MixAT: Combining Continuous and Discrete Adversarial Training for LLMs¶

Conference: NeurIPS 2025 arXiv: 2505.16947 Code: GitHub Area: AI Safety Keywords: Adversarial Training, LLM Safety, Robustness, Jailbreak Attacks, Continuous Perturbation

TL;DR¶

This paper proposes MixAT, a method that combines discrete adversarial attacks (PAP-based rewriting) with continuous embedding-space perturbations for LLM adversarial training. MixAT achieves robustness against diverse attacks (reducing ALO-ASR from 50%+ to below 20%) while preserving utility, at a training cost comparable to purely continuous methods.

Background & Motivation¶

Despite safety alignment, current adversarial attacks continue to reliably elicit harmful content from frontier LLMs. Adversarial training (AT) is effective for improving robustness in classical ML, but poses unique challenges in the LLM setting:

The Dilemma of Discrete AT: Token-level attacks such as GCG effectively produce harmful content but are prohibitively expensive to use during training. The R2D2 method requires 100+ GPU hours to train even a 7B model, as each iteration requires a full adversarial search.
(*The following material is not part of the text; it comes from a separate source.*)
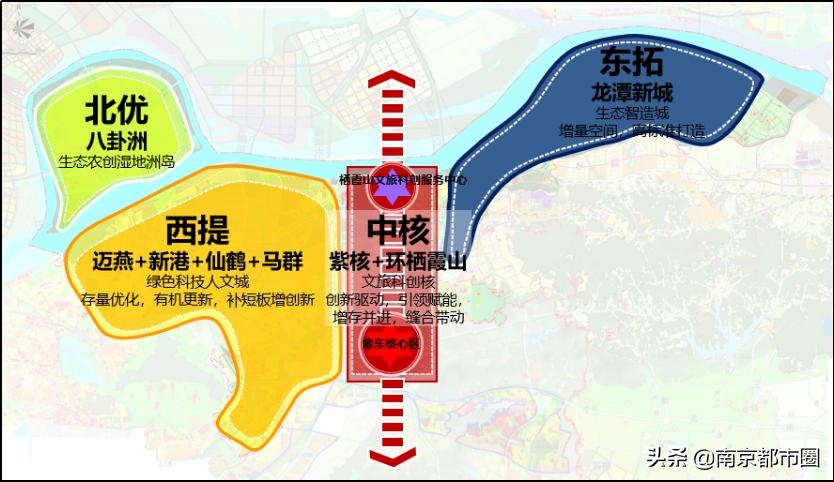 南京南北大门在哪,南京江北新区与六合区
The Limitation of Continuous AT: Methods such as CAT apply continuous perturbations in embedding space with high computational efficiency, but the perturbed embeddings do not correspond to any real text sequence. As a result, continuous methods fail to cover all vulnerabilities exploited by discrete attacks — models trained with CAT still exhibit 40% ASR against PAP jailbreaks.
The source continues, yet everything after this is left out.